As you know, I have been suggesting making the best of time in the greenhouse. This inspired Kelly, who lives at North End, to write.
Kelly has no greenhouse but would like to sow seeds on the windowsill in her spare bedroom.
Great to hear from you Kelly. You can grow most seeds on a windowsill if the room is warm enough. You can buy seed trays with clear plastic domes which fit over the top from all garden centres. A tray and dome will cost about £2 or less.
If the room is cold there are small heated propagators which fit on to a windowsill complete with seven rectangular tiny seed trays with individual domes, ideal for starting seeds.
I would suggest a wattage of 15 watts which will be very cheap to run.

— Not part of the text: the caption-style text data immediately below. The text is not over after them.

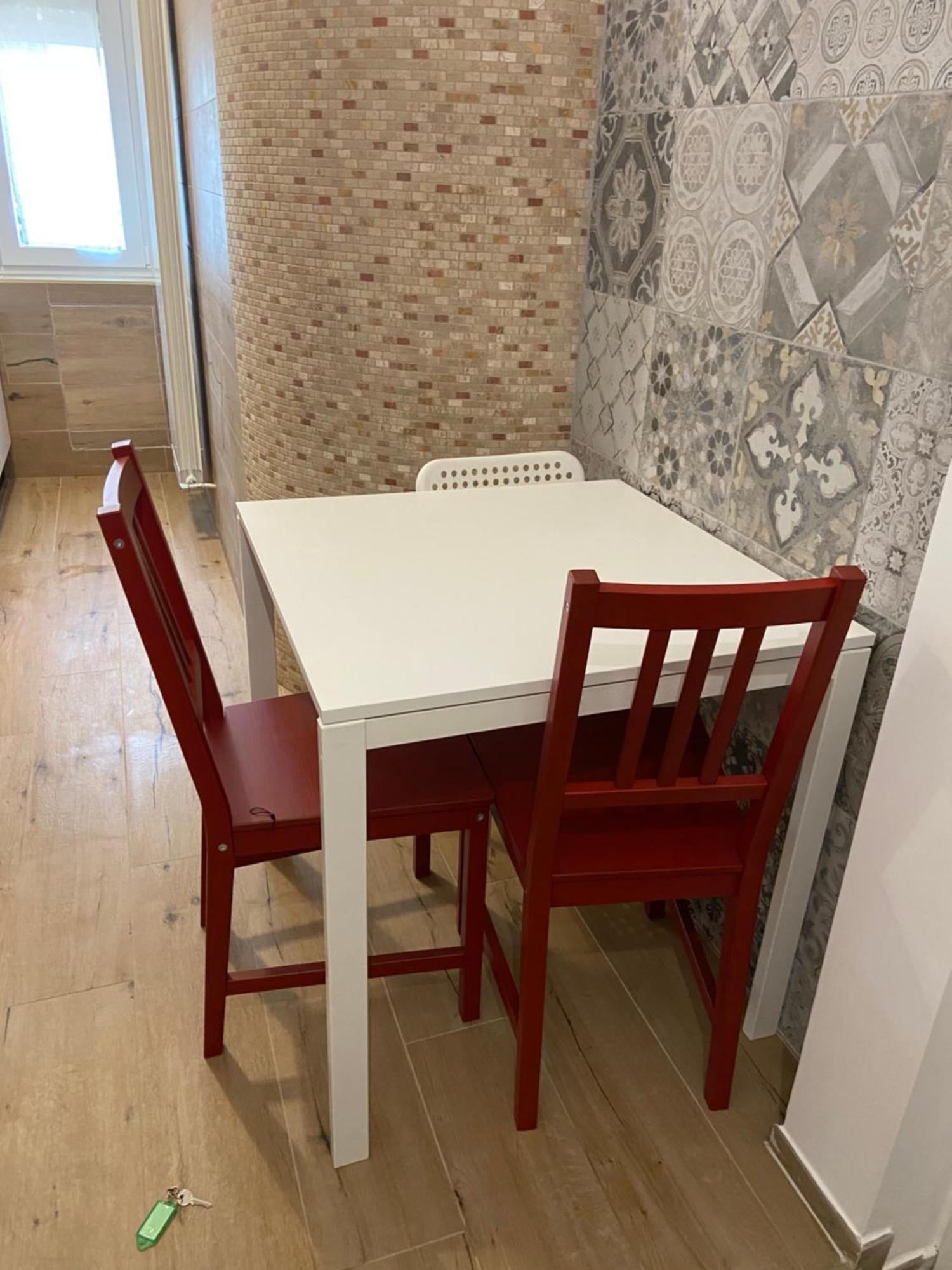 Antonino Pio Home 2 روما المظهر الخارجي الصورة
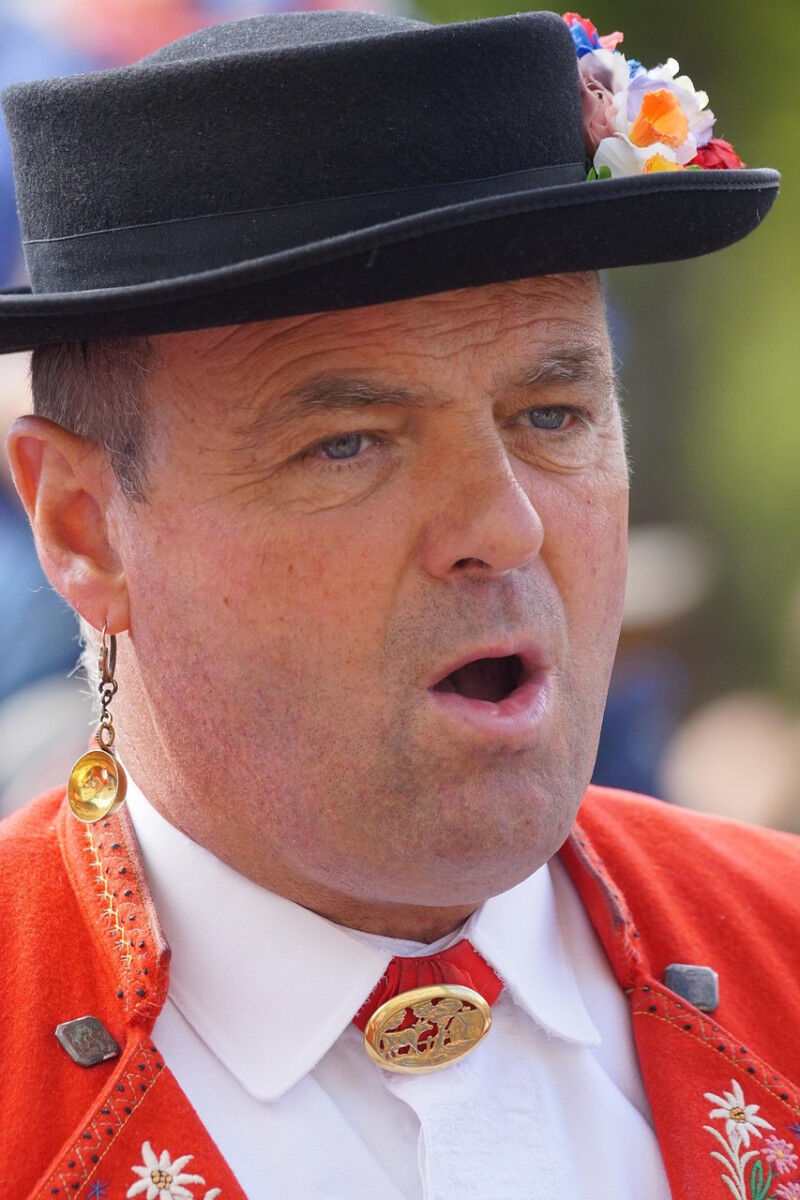 Musica - Arte & design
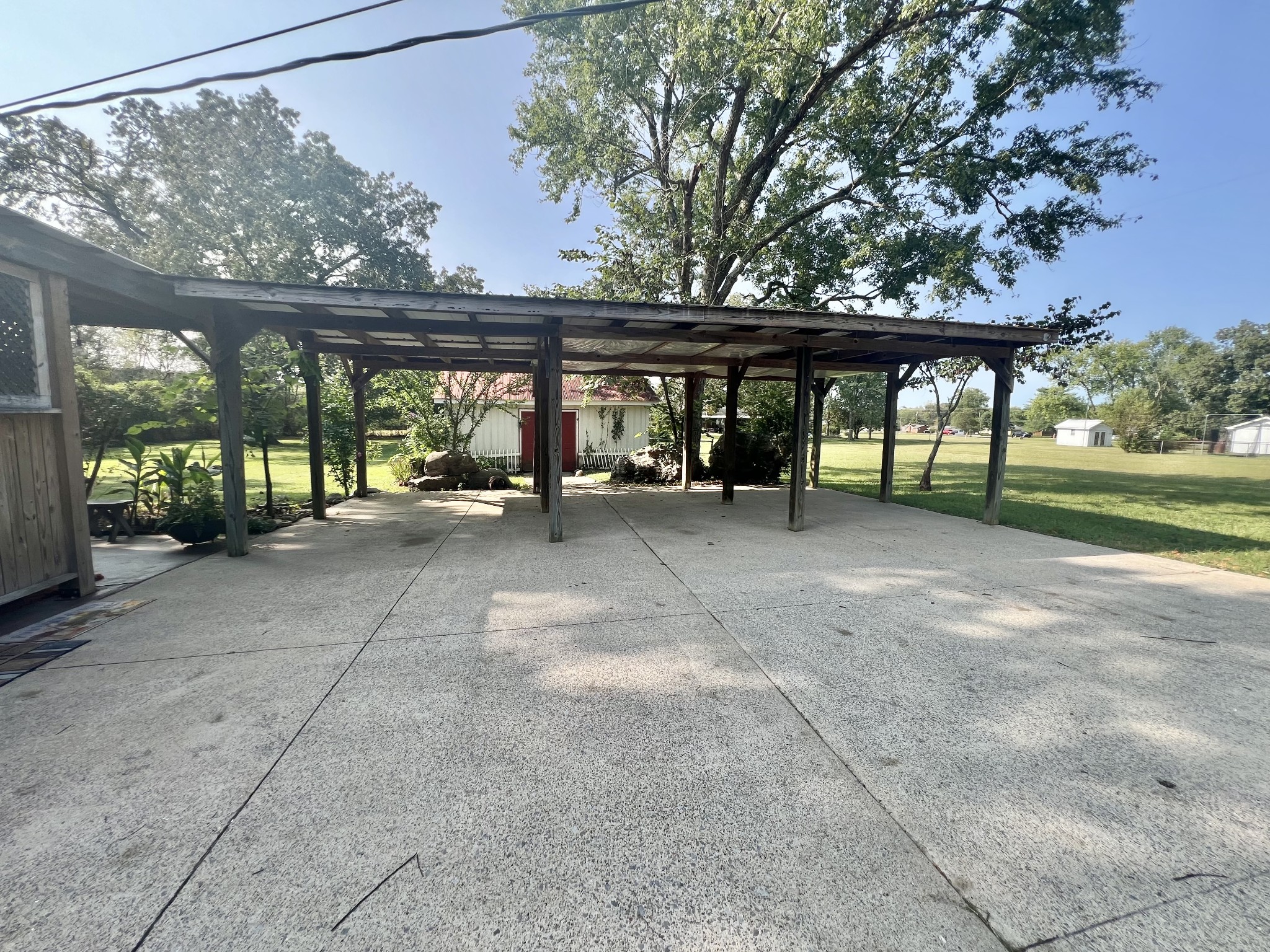 3565 Cedar Grove Road Lebanon, TN 37087 - Photo 54 of 64 Gallery Image 54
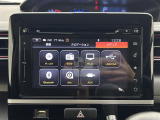 ワゴンRスティングレー ハイブリッド(HYBRID) T 修復歴無し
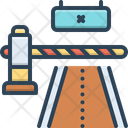 پیش‌نمایش فایل barrier-7623206 از پک متفرقه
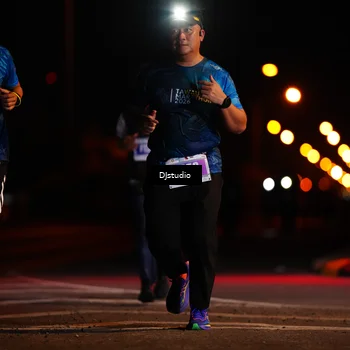 Runner Photo 4977787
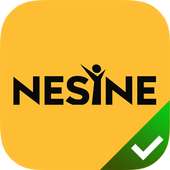 nesine on 9Apps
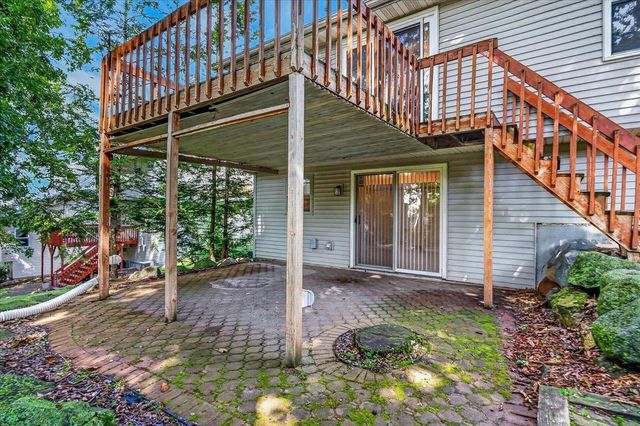 6209 Adobe Way, Madison, WI 53719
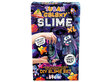 Limakomplekt Tuban Galaxy Large Slime, XL hind ja info | Kunstitarbed, voolimise tarvikud | kaup24.ee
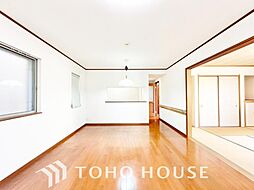 八千代市大和田新田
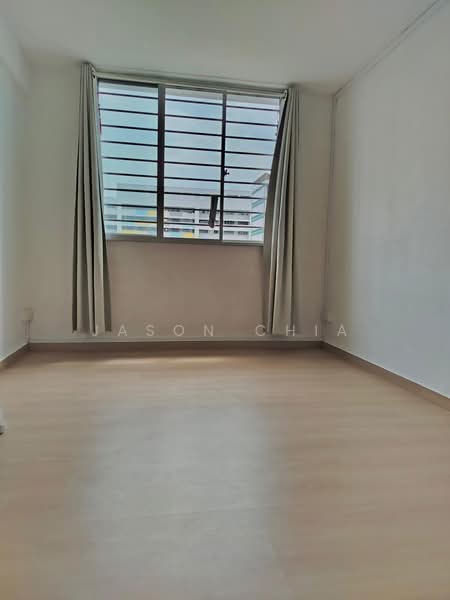 528 Bukit Batok Street 51, 528 Bukit Batok Street 51, 2 Bedrooms, 743 sqft, HDB Flat For Sale, by Jason Chia, 500221299 - Interior - PropertyGuru.com.sg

Have a look at twowests.co.uk, where you can buy one for £34.99 plus postage.
As you know I recommend all types of begonias and the seeds need to be sown at any time in March. Have a look at Begonia Non Stop, this is well named because it flowers from June right up until the autumn frosts.

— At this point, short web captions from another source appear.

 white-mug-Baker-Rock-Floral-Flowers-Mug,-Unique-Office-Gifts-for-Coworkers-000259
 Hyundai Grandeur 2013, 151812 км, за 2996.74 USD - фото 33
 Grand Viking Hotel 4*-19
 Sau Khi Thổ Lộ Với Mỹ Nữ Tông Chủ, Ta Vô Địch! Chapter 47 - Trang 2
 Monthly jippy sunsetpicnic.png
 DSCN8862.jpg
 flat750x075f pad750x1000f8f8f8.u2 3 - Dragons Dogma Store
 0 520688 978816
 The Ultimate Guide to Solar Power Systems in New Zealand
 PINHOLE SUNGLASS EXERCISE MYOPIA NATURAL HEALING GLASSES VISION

Fill a clean seed tray with any type of seed compost. Don’t press the compost but level off the surface with a piece of wood (a ruler is ideal). Sow the seeds evenly and cover the surface with a light scattering of Vermiculite. This former volcanic rock has been heated to over 1,000 degrees Celsius which causes it to flake.
Because of the heating process, the shiny-surfaced Vermiculite will absorb the water and produce the best possible environment for germination.

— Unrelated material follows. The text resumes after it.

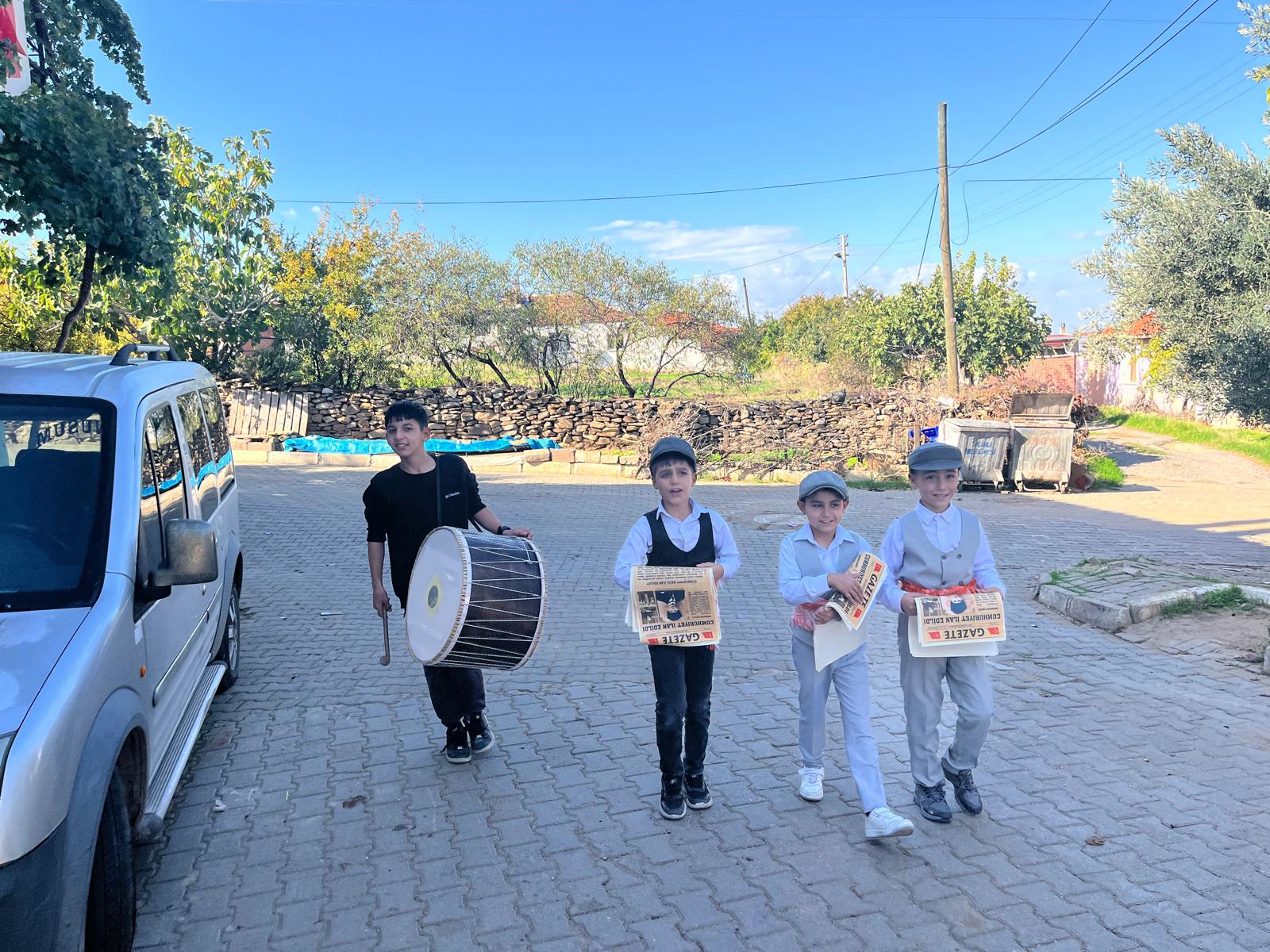 58120248 E26B 4B42 9Dfa 5134F1E813Ab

Why? Begonia seeds germinate best in light and moist conditions. The Vermiculite reflects light on to the seeds and as the Vermiculite is covered with water, the surface provides a perfect environment. Don’t worry about the seeds being too cold as your propagator is providing bottom heat.
Leave the seeds to soak up the water in the seed tray for one hour before putting the tray into the propagator. The seeds are very hard and covered with natural resin – this needs to be broken down by the water.
You will have noted that I mentioned not to push down the seed campost. Well, after the compost has soaked up the water, the surface of the compost is about a quarter-of-an-inch below the rim of the seed tray. This is an ideal height and it means moss will not smother the surface.